There is something to be said about the lost and found things in places that have been visited by suffering, collapse, war, and persecution. Streets crumble, sewer lines rot in entropy, the art of engineering and science regress, but certain things still survive, hibernating with a dangerous slow rhythm, waiting for people to use them again.
The track reminds me of a story one pilot had recounted to me. It was of a plane graveyard in Cote D’Ivoire. Sunbleached fuselages of old fighter jets littered the capital city airport, and occasionally some enterprising Africans would try and collect parts from them. One unlucky African managed to climb into a cockpit seat, and while fiddling with getting it out, activated the Soviet ejection device, designed to survive and work through years of misuse. It worked perfectly, save for the hangar roof situated over the airplane.

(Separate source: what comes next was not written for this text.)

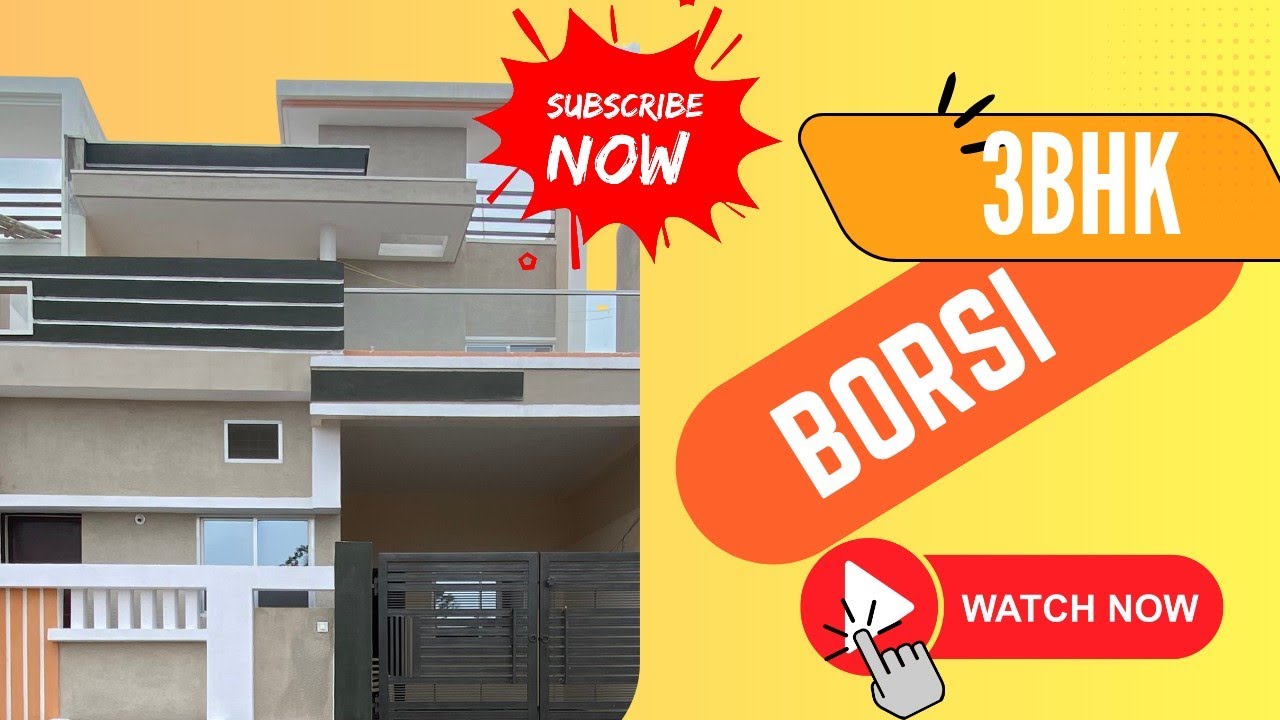 Beautiful 3BHK House For Your Beautiful Family ❤️ In Borsi | Durg | Chhattisgarh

He was found the next morning, hanging from the ceiling like a piece of modern art, and although I’m unsure, I still like to picture the ejection seat hanging with him, as if to say “I WORK! SEE!”. A gory poetic statement.
When they were finally ready, we headed off to the go-kart starting line, stumbling and laughing like drunks, which of course, we were. We drank with conviction, and we were ready to cause shit. By the sixth lap, the track so carefully constructed to replicate a professional racing circuit were completely ignored, and we smashed the go-karts into each other with inebriated glee. Fuck the consequences. There were none. This is Africa!

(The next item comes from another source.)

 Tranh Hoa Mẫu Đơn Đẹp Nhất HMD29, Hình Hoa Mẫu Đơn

By the second time around the owner of the track, looking at us with disbelief, anger, and sorrow, finally called us in. We paid a little extra, a little sorry about the mess, and left him with his damaged goods, like lame horses who need to be put down.
This insanity is par for the course, whether it be enjoying a beer on a golf course as stray bullets fly by the clubhouse, or whether it’s destroying some proud man’s go-karts, painstakingly put together only to be destroyed and disrespected by the very people he probably thought would appreciate it the most. It’s a sad and maddening concept. It makes me wonder whether our belief in what Africa is just overpowers any progress. I reflect on the ebb and flow of simple things like basic entertainment, and wonder how much apathy it takes from us to ruin good little things hidden in the world.
It also makes me wonder if I should open up a theme park in Kabul. Now THAT would be entertaining.